Watching the three of them together—a family—I feel like my veins have been filled with battery acid. The way Bill and Veronica look at each other, look at Millie . . . no one has ever looked at me like that. Not even my mom.

Maybe she never learned how. She never knew her parents, never heard her father call her Millie girl or her mother call her sweetheart. Before they could teach her how to love the way they did, they were burned alive, their flesh melting off their bones and fusing with the cheap school carpet.

I didn’t want to meet these people. I was okay with this ludicrous mission to save my grandparents being something theoretical, which could work or not work, when the only one who would bear any of the consequences either way would be me.

Now, faced with two living, breathing people—one of whom looks just like my mom, while the other looks like me—it’s like my entire reality shatters again. I was never convinced that preventing this fire was my ticket back home anyway, but now, failing at this task won’t simply mean that dead people will stay dead.

It will mean this woman right here, who just invited me in from the rain and served me a Tab and shook my hand, will die. And her husband, who makes it a point to know the face of every kid in his school, will die beside her.
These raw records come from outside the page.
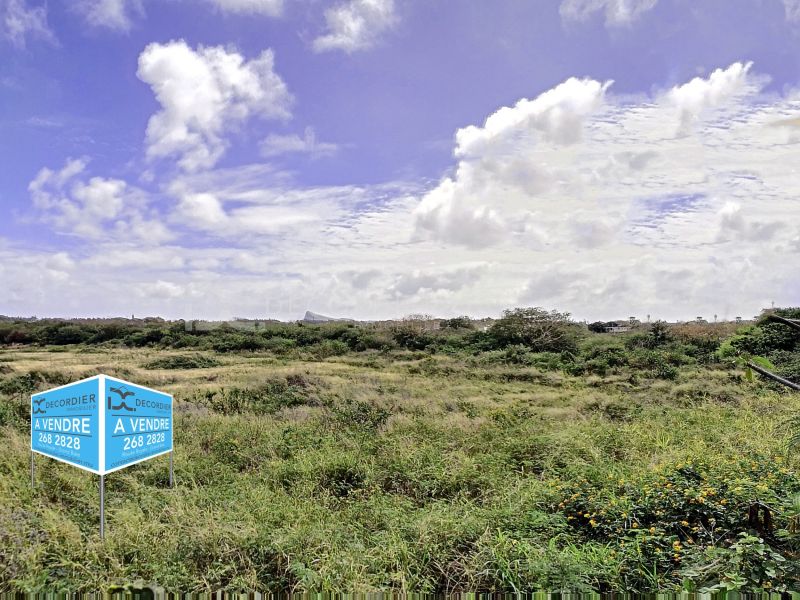 terrain en vente sur Grand Baie Grand Baie Terrain 9992.26 m² Vente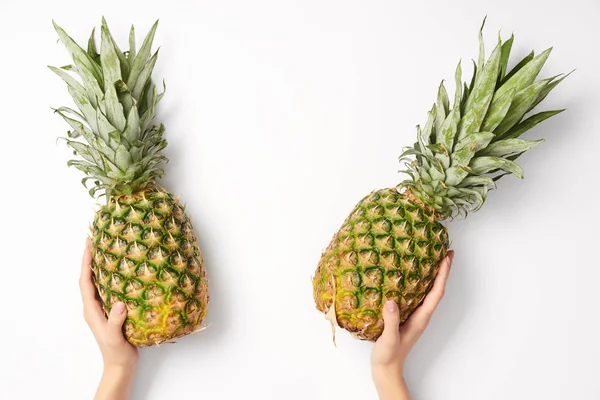 Kırpılan Görünümünü Ananas Beyaz Arka Plan Üzerinde Elinde Tutan Kadın — Stok fotoğraf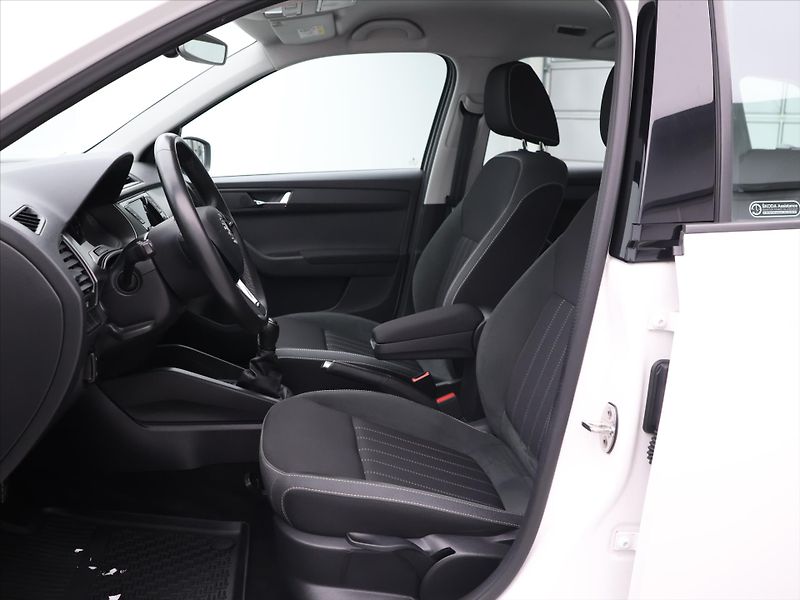 Škoda Fabia 1,0 TSI Style CZ - fotka 10 z 28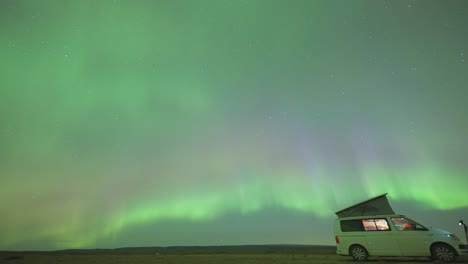 A-spectacular-dance-of-Aurora-Borealis-in-the-dark-winter-sky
And their baby, who reached out with a chubby hand to steady herself on my knee as she passed by on her way to the diaper bag, will be an orphan.

And instead of a thing that just is, like it’s been my whole life, it will be my fault.

Chapter Forty-One

ROSE

Voices floated out of the living room when she opened the front door. Rose peered around the entryway to find Justin sitting stiffly on the couch beside Veronica, looking a bit dazed. The blood drained from Rose’s face as she looked from Justin to her mother.

“Oh. Hello.” The last thing Rose had expected after her blowout with her parents the day before was to find Justin in her house after school.

“Oh, hi, honey!” Diane said, rising from the blue velour armchair in the corner, her voice alarmingly chipper. “How was your day?”

“Fine . . . What’s going on?”

“Oh, that’s on me,” Veronica said with a too-broad smile. “I saw your friend outside, and I invited him in until you got home. He’s just been keeping us company while we work.”